I had never given fertility much thought outside of the family planning aisle at the local pharmacy. So when I lost my first pregnancy to early miscarriage at age 31, and failed to conceive in the many difficult months that followed, I began to suspect infertility. Time ticked on, and I found my concept of self crumbling under the dead weight of grief, loss, and endless questions for which there seemed to be no answers.
Piecing myself back together was a lengthy process centered around accepting that my body may never carry a child. I started revising my old plans, and eventually I discovered a renewed sense of contentment as I started looking forward to a different but satisfying life path.

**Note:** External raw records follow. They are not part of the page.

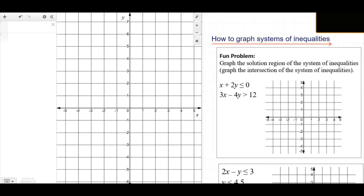Hey guys, in the earlier video we had talked about different ways to graph linear inequalities in two variables. Today we're gonna spice it up and talk about how to graph systems of linear inequalities.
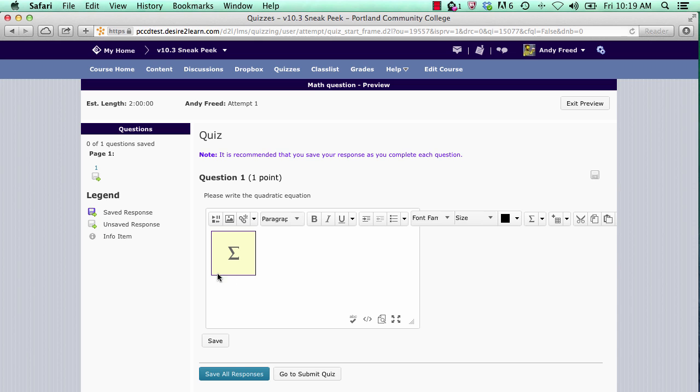You'll notice a yellow placeholder with the equation symbol shows. By default, it does not display your equation. However, you can preview what the post will look like by clicking on the preview icon at the bottom right of your page.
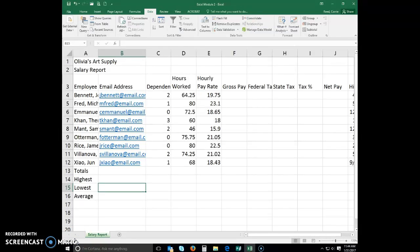Entering formulas. One of the reasons Excel is such a valuable tool is that you can assign a formula to a cell and Excel will calculate the result. A formula consists of cell references, numbers, and arithmetic operators that instruct Excel to perform a calculation.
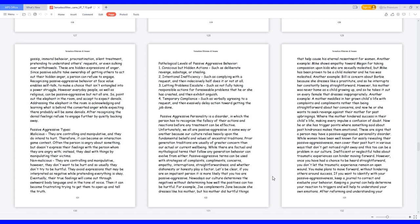Passive-aggressive types: Malicious, they are controlling and manipulative and they do intend to hurt. Therefore, it can become an interaction game contest. Often the person is angry about something but doesn't express their feelings with the person whom they are angry with. Instead, they deal with things by manipulating their victims.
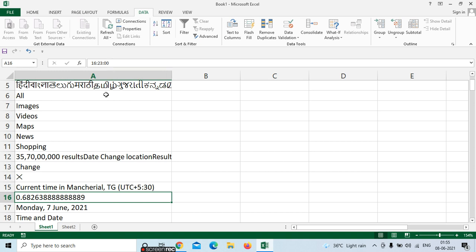It is 16:23 — the time is also shown here. If you want to see the time or date, all those we can see with the help of this web address. After inserting, if you want to change the time — for example it is 16:23 and you want to see 16:30 or 16:25 — you can set the seconds via settings.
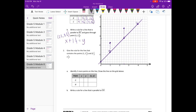Number 2. Give the rule for the line that contains the points (1, 2½) and (2, 2½). What I see here is that both y values are 2½. The x values change, but the y values stay the same. So I would say the rule would be: y is always equal to 2½.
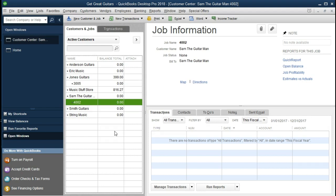There's the job related to Sam the Guitar Man. We can then apply any information we're recording for that customer to a particular job and then bill that particular job. Those are the two jobs we're setting up. We'll be working with invoicing later and show how we can tie an invoice out to a particular job, what that will look like, and what that can do for us in practice.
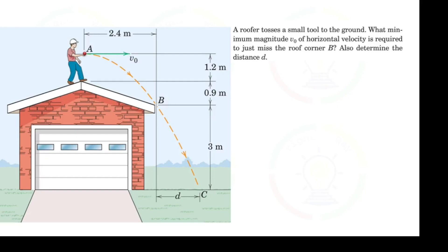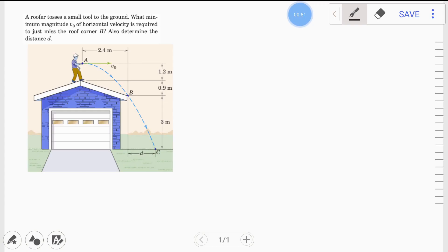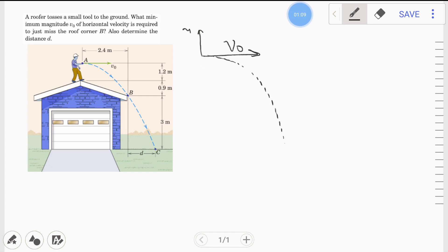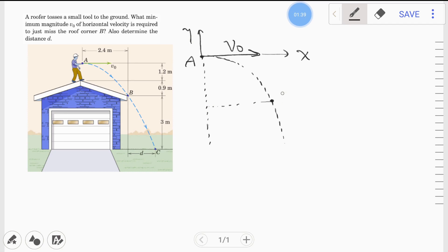Let's identify the given parameters. The tool is horizontally launched with an initial velocity v-naught. Since it is a projectile motion, once launched it follows a curved path. The positive y-axis is upward and the positive x-axis is horizontal. Since the ball is dropped downward, gravity acts in the negative y direction. The initial point is A, the corner is point B, and the final landing point is C.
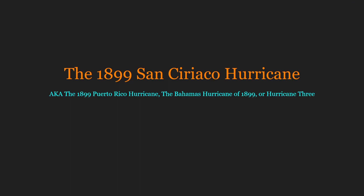Hello and welcome to this hurricane short summary. The hurricane we are discussing today is the 1899 San Ciriaco hurricane. This storm undergoes a number of names — it is also known as the 1899 Puerto Rico hurricane, the Bahamas hurricane of 1899, or simply as Hurricane 3, as it was the third known hurricane of the 1899 season.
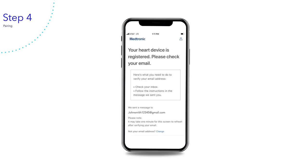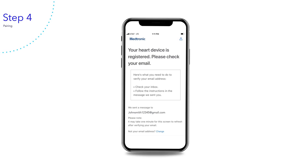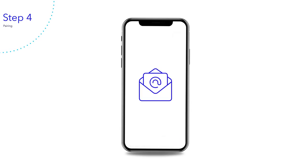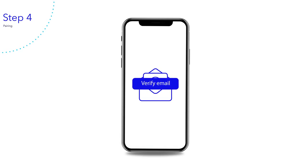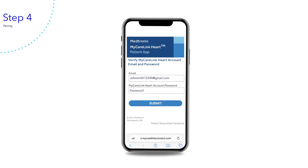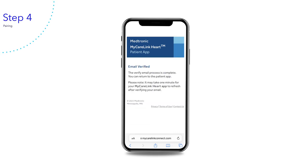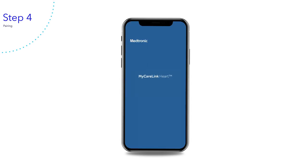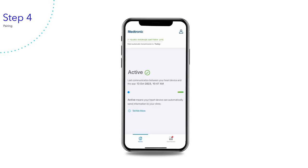Your heart device is now registered. To continue pairing your heart device with the MyCareLink heart mobile app, you will need to verify your email address. Exit the MyCareLink heart mobile app and navigate to your email to open the verification email from Medtronic. If you have trouble finding the email, please check your spam folder. Tap verify email to launch your browser, log into your account with the password you just created, and tap submit. Your email is now verified. Relaunch the MyCareLink heart mobile app — it may take one minute for the app to refresh after verifying your email.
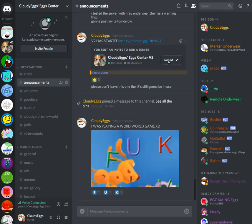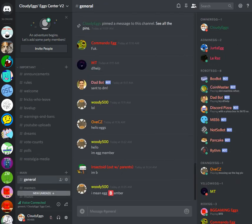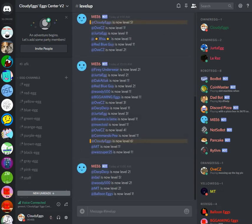Welcome to Cloudy Eggs Discord Vol. 2, the Discord server you should definitely join. Level up to gain more egg ranks that take you to more egg channels.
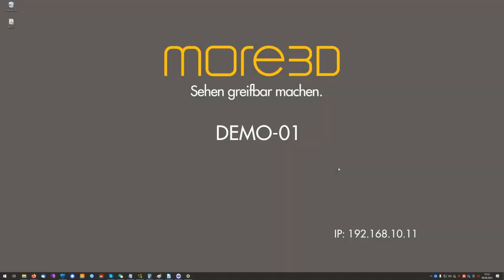Hello, this is Stefan from the MOR3D Tech team. In this quick tutorial we'll look at how to use FlexSIM in virtual reality with the MORVIS VR Bridge software.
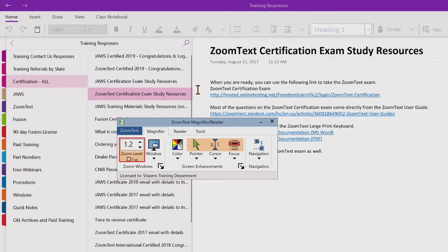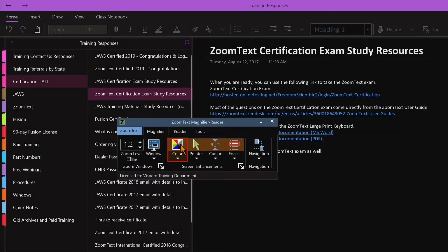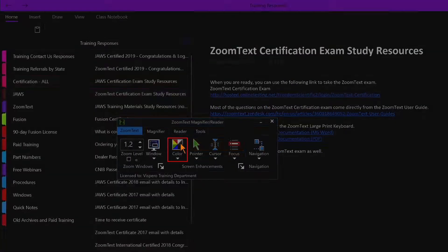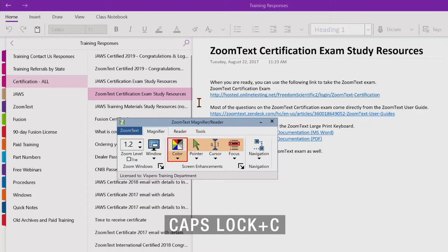To toggle the color enhancements on and off, do one of the following. On the magnifier toolbar tab, select the color button to toggle color enhancements enabled or disabled. Or press the color enhancement toggle keystroke, Caps Lock C.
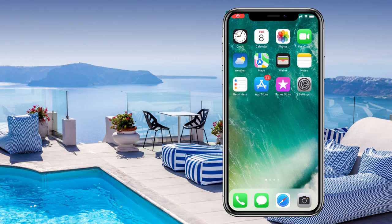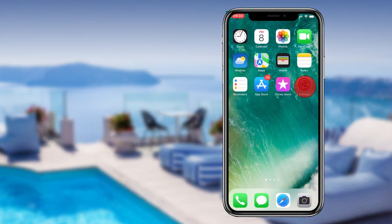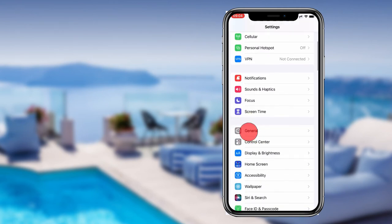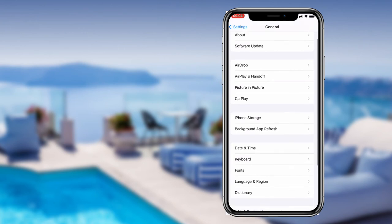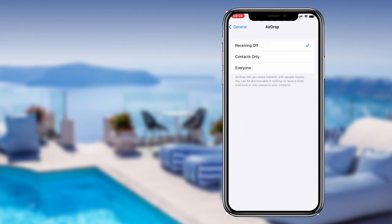Hello everyone, today I will show you how to turn on your AirDrop. For that, you would go to Settings, then General. Here you can find AirDrop and click it. You can see the options: Receiving Off, Contacts Only, and Everyone.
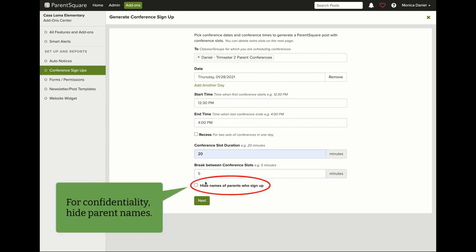But the most important thing is to select hide names of parents who sign up so that parents do not see who is signing up.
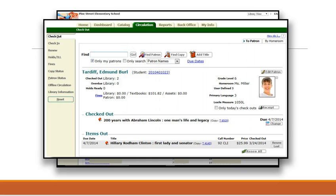Passwords are not required for students and teachers to have access to their Follett Destiny catalog, but their barcode is used as their personal access number. Once again, this information is transferred to Follett Destiny and made available to you, the library media specialist.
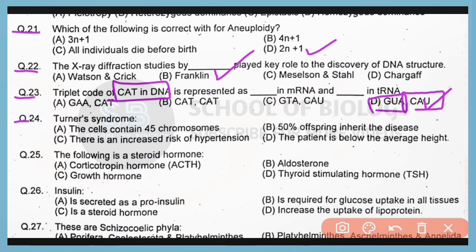Question 24. Turner syndrome is a condition in which the cell contains 45 chromosomes. Correct answer is option A. It is a condition of monosomy in which one chromosome is missing.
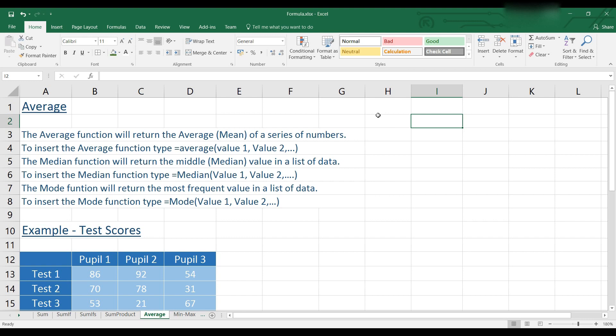For the median, we'll use the median function and that will return the middle value in your list of data. So it will sort your data into numerical ascending order and then return the middle value.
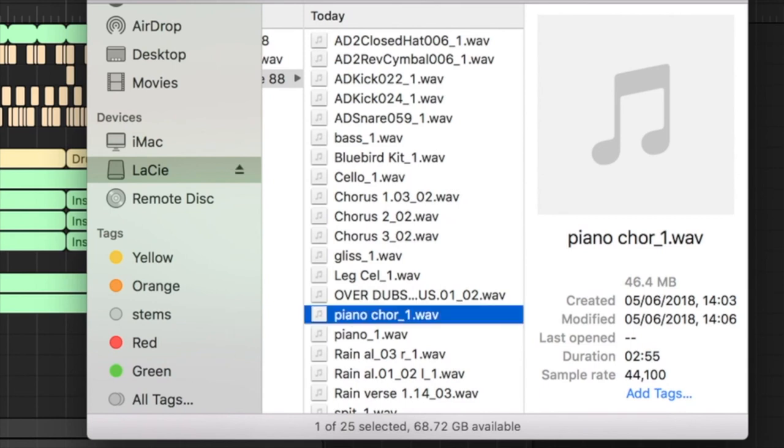And that's essentially it—that's how you export stems from Logic Pro.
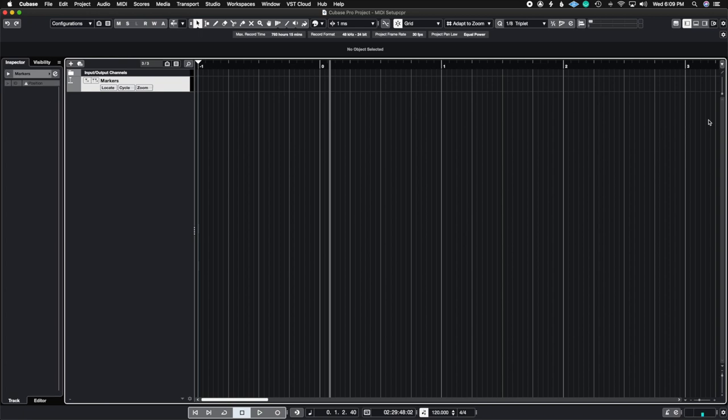What's up guys, John here and welcome back to John Moon Studios. Today we're going to be talking about the brand new Cubase 12 Pro that just released today, and today's video is going to focus on the brand new feature called MIDI Remote Mapping Assistant. Let's get right to it.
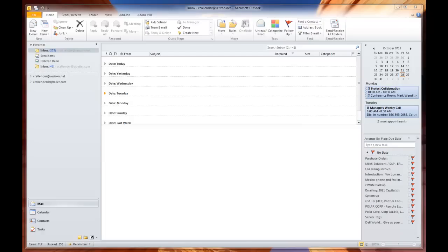Hi. Today we're going to talk about archiving email. Based on our system at Quality Trailer, the majority of people that use Outlook use a component called IMAP.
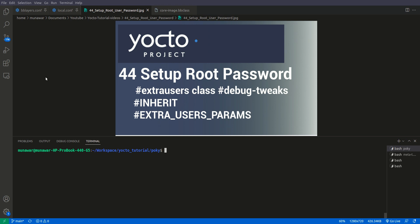Hi and welcome to another video of Yocto tutorial series. In this video we are going to learn how to set up the root password. While setting the root password we will also learn about extra users class, debug tweaks, this inherit variable and extra users param variable. So now let us begin.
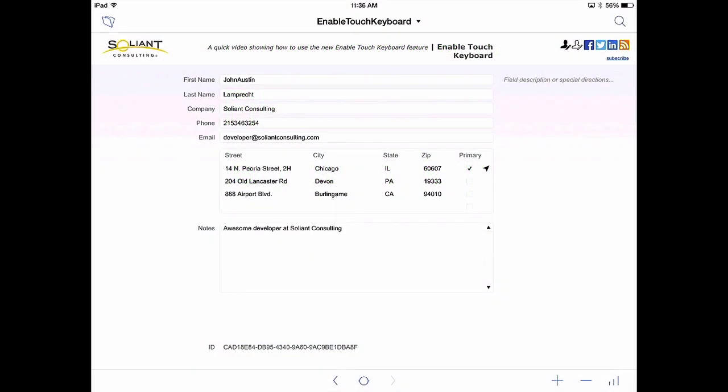Right now we're on the contacts layout that shows detailed contact information for a specific contact record. This layout is in landscape mode on an iPad. At the top right we see two icons. The light icon disables or turns off the touch keyboard. By default the touch keyboard will show up any time I enter a field. This is default for FileMaker 14 and all previous versions.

My doctor discovered my second pregnancy during a routine appointment only a short time later. To say it was unexpected would be understating my shock, and I was sorely unprepared for the identity crisis that followed. I struggled to feel fully present in my skin as my body started to change; in spite of physical evidence to the contrary, I no longer identified as a fertile woman and hadn’t for some time.
I arranged for a friend to photograph my body so that I might see myself from the outside without the relentless internal noise that accompanied my reflection in the mirror.
PLASTIQUE EXPECTATIONS is based on those photographs and is the sole visual record of my pregnancy. The manipulation of each image aims to reveal part of a complicated and multi-layered narrative. Individually, they represent one of three ages within the span of a woman’s fertile years, and are intended to reflect dominant themes and culturally imposed messages that characterize each of these ages. Collectively, the triptych is intended to illustrate an experience of fertility that extends beyond my own.
PLASTIQUE EXPECTATIONS: Three Ages of Contemporary Female Fertility exhibited May/June 2012 at Garner Narrative Contemporary Fine Art, 642 E. Market St. (corner of Market and Clay Streets), in Louisville, KY. Opening: Thursday, May 3 2012. Reception: Friday May 4 2012, 6-9pm. Gallery hours are Wed-Sat 1-6, First Friday 1-9, and by appointment.